Анна Керн рассмеялась. Её смех прозвучал как колокольчик. Она оперлась на его руку и заговорила доверительно, кротко, нежно:
— До шестнадцати лет я жила с родителями в Лубнах, захолустном городке на Полтавщине. Жила как все жили: танцевала на балах, участвовала в домашних спектаклях, выслушивала комплименты. Но, поверьте, в душе я оставалась мечтательной, устремлённой к идеалам... В шестнадцать лет меня против воли обвенчали со стариком, пятидесятидвухлетним генералом. Почему? Да просто потому, что моему отцу льстило, что его дочь станет генеральшей. И вот я несчастна...
— Вы несчастны? — снова спросил Пушкин.
— Вам вовсе не интересно, что я говорю.
— Говорите, говорите! — воскликнул Пушкин.
— Почему же вам может быть всё это интересно? — рассудила Анна Керн, по ходу беседы расставляя свои сети.
— Почему... Не скажу... Говорите же!
— Да, я несчастна. И что за человек мои муж: недалёкий, без интересов — только служба, фрунт, смотры. К тому же грубого нрава. И это для меня — мечтающей о жизни, освещённой благородными идеалами и возвышенными чувствами!
— Почему же вы не бросите его, несравненная, божественная?..
— Мы почти в окончательном разъезде. Но тётушка, Прасковья Александровна, решительно против. Ах, если бы вы знали всю правду!

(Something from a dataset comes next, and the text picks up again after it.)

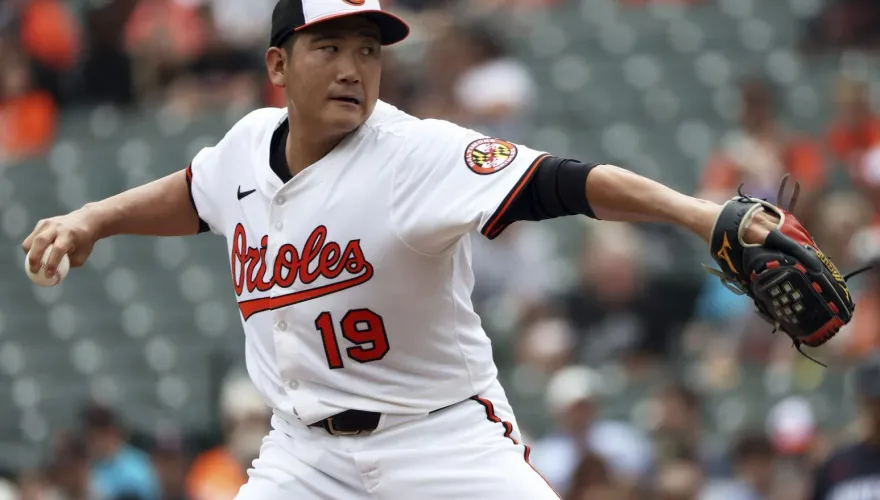 MLB/菅野智之旅美最慘一役　首挨背靠背全壘打失4分吞敗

— Говорите же, говорите!..
— Представьте себе моё положение... — Анна Керн огляделась по сторонам. — Ни одной души, с кем я могла бы поделиться. От чтения голова кружится. Отложишь книгу — опять я одна: муж либо спит, либо на учениях...
— Быть вашим мужем, — полушутливо-полусерьёзно сказал Пушкин, — ведь это же невообразимое счастье. Если бы я был вашим мужем, я ревновал бы вас к людям, к лошадям, к собакам, к деревьям.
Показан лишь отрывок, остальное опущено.